Here, you can compare the output of these 2 methods:
# Look at the last section of unicode data as bytes. Notice the \xef, signifying bytes, not unicode.
>>> urllib2.urlopen(url).read().splitlines()[-11]
'<dd>\xef\xbc\x81 \xef\xbc\x82 \xef\xbc\x83 \xef\xbc\x84 \xef\xbc\x85 \xef\xbc\x86 ... '
# Now, convert that data into unicode as you open the site.
>>> urllib2.urlopen(url).read().decode(u'utf-8').splitlines()[-11]
u'<dd>\uff01 \uff02 \uff03 \uff04 \uff05 \uff06 \uff07 \uff08 \uff09 \uff0a \uff0b ... '
In the first example, you can see that the data comes back as bytes, in the second, it's all unicode data.

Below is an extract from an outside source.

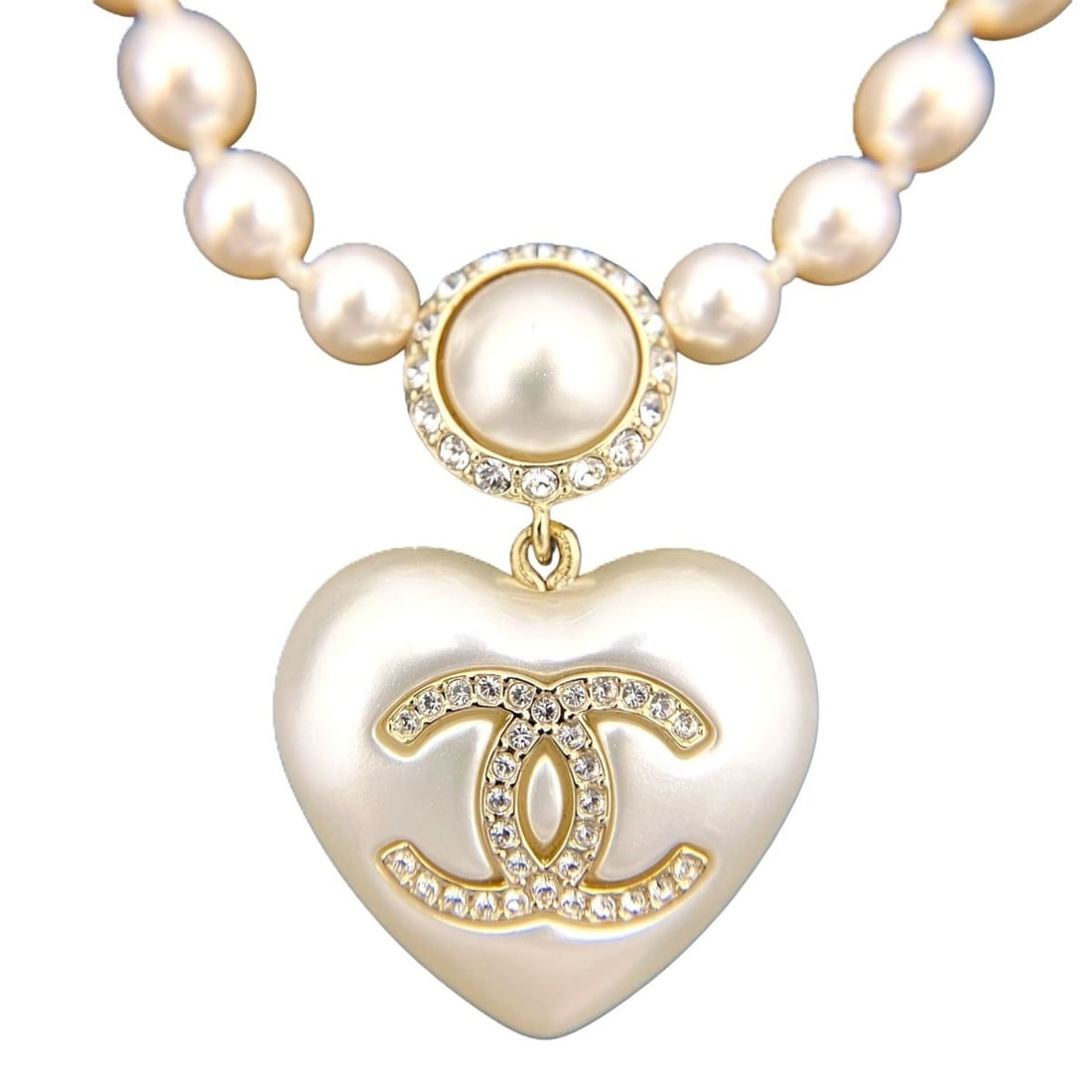 Chanel Faux Heart Pearl Rhinestone Costume Jewelry Necklace - Accessory Coco Mark Total Weight 27.4g: --- Catalog ---Category: SizeWeight: 27.4g / 0.96oz.Pendant Size: 25mm x 25mm / 0.98'' x 0.98''Neck Circumference: 51 cm / 20.07''Category: DesignStone: RhinestoneGender: WomenNecklace Type: NecklaceC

This has a few caveats. Not every page can be decoded into utf-8, though it would be rare for this to happen.
Last piece of advice would be to switch to using the 3rd-party requests library, which will automatically handle unicode for you. An example:
>>> import requests
>>> url = 'http://www.ltg.ed.ac.uk/~richard/unicode-sample.html'
>>> response = requests.get(url)
# You can get bytes out of the response:
>>> type(response.content) # Returns bytes
<type 'str'>
# Or, you can get unicode out of it:
response.text # Returns unicode
<type 'unicode'>
Using response.text, you can now pass this to json.loads(response.text) to successfully get unicode out of the results. Then, remove your str() wrapper.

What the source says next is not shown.